Since its inception, it's already sold more than 1 billion products, and because its products are sold to 5,000 medical and adult-use dispensaries, growers, and producers globally, no single company accounts for more than 10% of its sales. With that kind of diversification, I think it's pretty well insulated against the risk associated with customers going bankrupt.

Last fiscal year, its preliminary total sales grew 171% to $51 million, including $19 million in fiscal Q4, which ended Aug. 31. 

A row of ascending stacks of coins with marijuana plants growing on top of them.


Opportunity ahead

KushCo Holdings sales will benefit from more states passing pro-pot legislation likely to include stringent packaging requirements and producers growing focus on using marijuana as ingredients in value-added products that command more pricing power and offer them higher margins.

Legal marijuana sales represent a small share of the $50 billion of marijuana sold annually in the U.S., but legal sales are growing quickly. For instance, Colorado operates one of the most successful marijuana markets, and its sales were $1.5 billion last year, up from $684 million in 2014. In California, the biggest U.S. market, legal sales could grow to $7.7 billion in 2021 from less than $4 billion this year, according to BDS Analytics. Maturing markets, more product choices, and more states passing laws ending prohibition could lead to legal medical and recreational revenue of $96 billion in 15 years in the U.S., according to wine, beer, and spirits company Constellation Brands.
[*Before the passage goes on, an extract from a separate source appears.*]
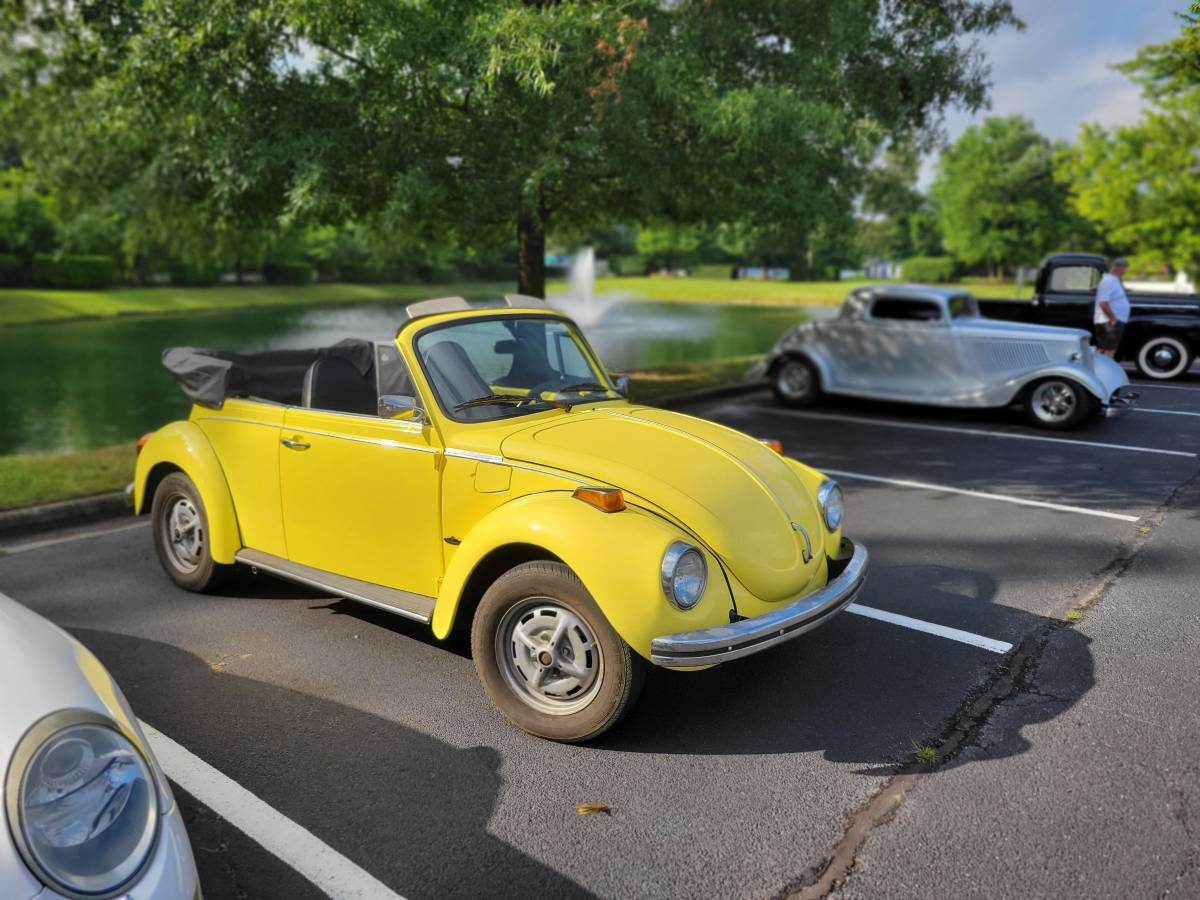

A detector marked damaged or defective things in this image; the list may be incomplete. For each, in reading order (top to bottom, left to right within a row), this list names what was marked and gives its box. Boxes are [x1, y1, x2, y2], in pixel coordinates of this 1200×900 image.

crack in asphalt [782, 465, 1200, 900]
There's also a lot of potential for KushCo to supply products elsewhere. The Canadian recreational market could generate billions of dollars in new sales during the next 12 months, and new products using cannabis as an ingredient, such as vapes, edibles, and beverages, could win a regulatory OK in Canada in 2019, providing even more demand for KushCo's packaging, extraction technologies, and advertising expertise. According to Deloitte, adult-use sales in Canada could eclipse 4 billion Canadian dollars next year, and in 15 years the Canadian medical and recreational market could be worth $11 billion, according to Constellation Brands.
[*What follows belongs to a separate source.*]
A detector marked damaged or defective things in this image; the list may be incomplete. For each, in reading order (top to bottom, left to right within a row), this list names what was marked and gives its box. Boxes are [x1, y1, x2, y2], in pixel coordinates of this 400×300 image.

Marijuana surrounding a maple leaf.


Europe represents an intriguing opportunity for growth, too. Germany's emerging medical marijuana market already serves up to 50,000 patients, and industry watchers think it could be a bigger market than Canada over time. For perspective, Aurora Cannabis, one of Canada's biggest cannabis companies, recently reported its European cannabis revenue surged 127% year over year last quarter. If more countries legalize marijuana, then Constellation Brands thinks cannabis products could be hauling in $200 billion in 15 years.

If Constellation Brands' forecast is anywhere near close to the mark, then KushCo Holdings should enjoy plenty of chances to win business, boost sales, and eventually turn a profit. 

But plenty could go wrong for the company, too. Marijuana is still illegal in the U.S. at the federal level, so Washington, D.C. could crack down on individual state markets. If they do, then it would be bad news for KushCo Holdings. Similarly, regulators outside the U.S. could balk at legalization, crimping the global market opportunity for the company.

Furthermore, KushCo Holdings is an expensive stock to buy using traditional valuation measures; it trades on the lightly regulated over-the-counter market; and it doesn't have a lot of cash on its balance sheet compared with the Canadian marijuana producers. This summer, the company added $32.9 million from a direct stock offering to its $3.6 million cash balance exiting May, but that still pales in comparison to the $147.8 million in cash that Aurora Cannabis has at its disposal.

Nevertheless, I still bought some shares in KushCo Holdings last week when marijuana stocks dipped because I think the reward justifies the risk. It's anyone's guess where this stock will trade in the coming months, but I think the odds favor it being a much bigger company in 10 years than it is today.